$$f(x) = a x^3 + b x^2 + c x + d$$
The graph of $f$ definitely has a point of inflexion. Which of the coefficients $a, b, c, d$ determines that the point of inflexion of the function $f$ lies on the vertical axis? Write down this coefficient and the corresponding condition."

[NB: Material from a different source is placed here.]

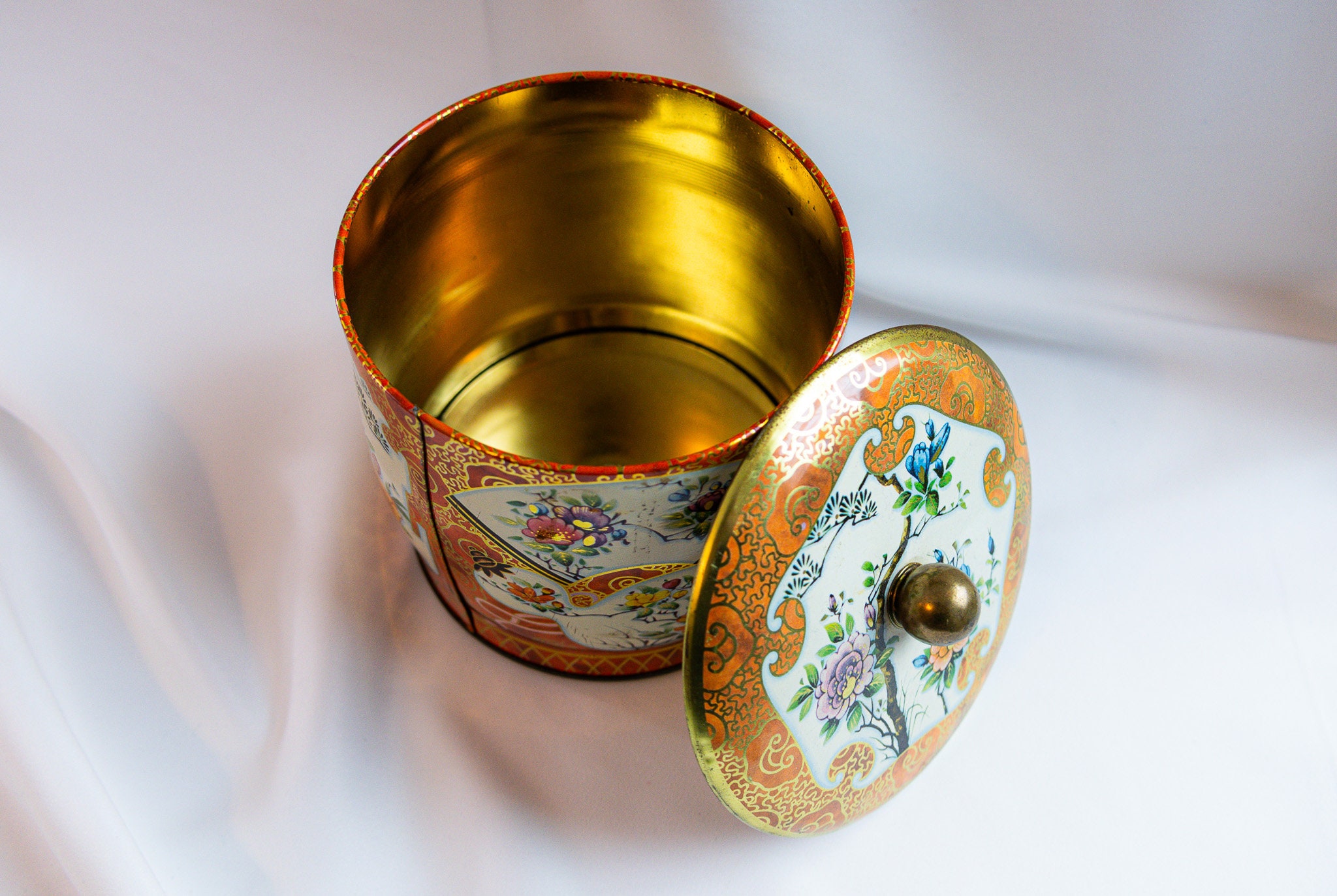 Vintage Tea Tin Can Made in England - Etsy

I tried to calculate it, the answer doesn't seem to me that simple. the second derivative is:
$$f''(x)=6ax+2b$$
so the coordinates of the point of inflexion are $(-b/(3a),f(-b/(3a))$ And I know that $f(b/(3a))=0$, because it lies on the $x$ axis. But this is one equation with four variables. Where did I overcomplicate it?
Thank you
With
$f(x) = ax^3 + bx^2 + cx + d, \tag 1$
we have
$f'(x) = 3ax^2 + 2bx + c, \tag 2$
and
$f''(x) = 6ax + 2b; \tag 3$
points of inflection occur at those $x$ for which
$f'(x) = f''(x) = 0, \tag 4$
that is, where
$6ax + 2b = 0, \tag 5$
and $3ax^2 + 2bx + c = 0; \tag 6$
(5) is possessed of the unique solution
$x = -\dfrac{b}{3a}, \tag 7$
if there is an inflection point, this $x$ must also satisfy (6), whence
$\dfrac{b^2}{3a} - \dfrac{2b^2}{3a} + c = c - \dfrac{b^2}{3a} = 0. \tag 8$
Now I assume
$a \ne 0, \tag 9$
necessary for $f(x)$ to be a bona fide cubic; thus the expressions (7)-(8) make sense; for the inflection point to lie on the vertical axis $(0, y)$ we must have
$x = -\dfrac{b}{3a} = 0 \Longrightarrow b = 0,\tag{10}$
and then via (8)
$c = 0 \tag{11}$
as well.
It thus appears that $b$ is the coefficient of (1) determinative of whether an inflection point lies on the vertical axis; we observe that $b$ also specifies $c$ via (8), so that (1) becomes
$f(x) = ax^3 + d, \tag{13}$
a simple cubic translated up or down in $y$ according to $d$.